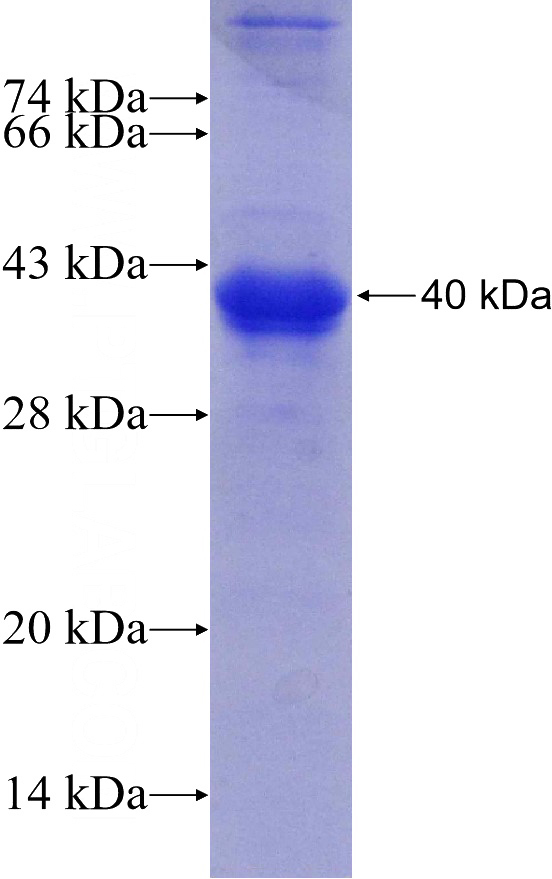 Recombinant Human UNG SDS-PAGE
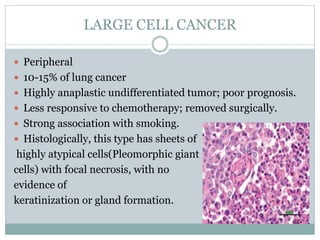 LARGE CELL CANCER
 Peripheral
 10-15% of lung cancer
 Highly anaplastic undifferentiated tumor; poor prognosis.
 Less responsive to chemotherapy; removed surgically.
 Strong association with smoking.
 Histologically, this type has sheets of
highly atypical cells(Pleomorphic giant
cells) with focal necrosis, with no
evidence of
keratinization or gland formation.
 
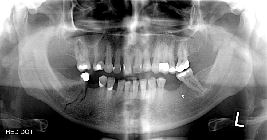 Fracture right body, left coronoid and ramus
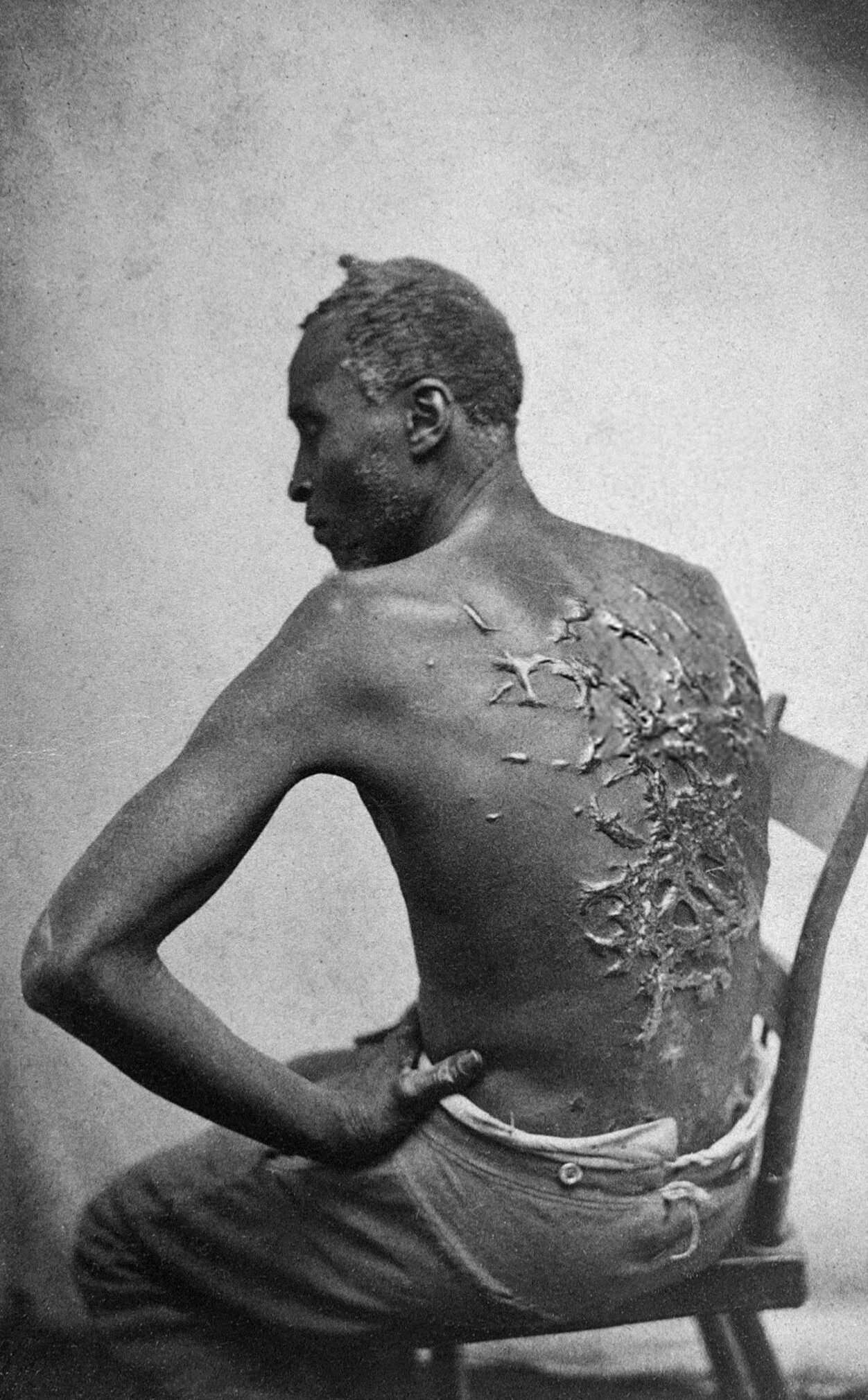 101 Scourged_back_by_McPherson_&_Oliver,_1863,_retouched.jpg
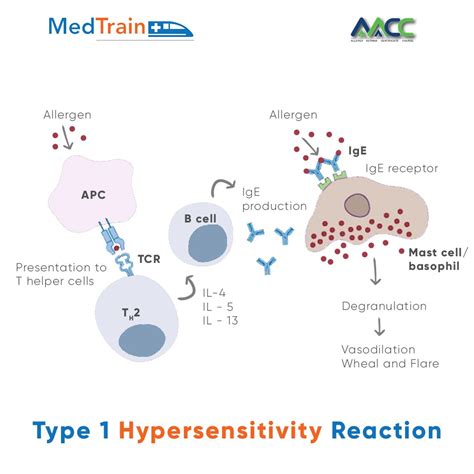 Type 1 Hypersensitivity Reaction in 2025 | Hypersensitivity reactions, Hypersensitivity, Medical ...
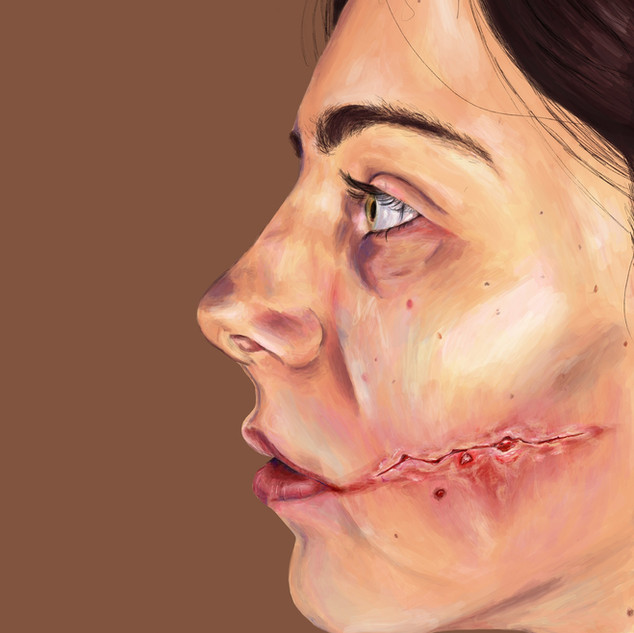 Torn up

+ + + +

[Exercise goal]:
Exclude the pictures and reproduce every entry exactly.

[Solution to the problem]:
 Recombinant Human UNG SDS-PAGE
 LARGE CELL CANCER
 Peripheral
 10-15% of lung cancer
 Highly anaplastic undifferentiated tumor; poor prognosis.
 Less responsive to chemotherapy; removed surgically.
 Strong association with smoking.
 Histologically, this type has sheets of
highly atypical cells(Pleomorphic giant
cells) with focal necrosis, with no
evidence of
keratinization or gland formation.
 
 Fracture right body, left coronoid and ramus
 101 Scourged_back_by_McPherson_&_Oliver,_1863,_retouched.jpg
 Type 1 Hypersensitivity Reaction in 2025 | Hypersensitivity reactions, Hypersensitivity, Medical ...
 Torn up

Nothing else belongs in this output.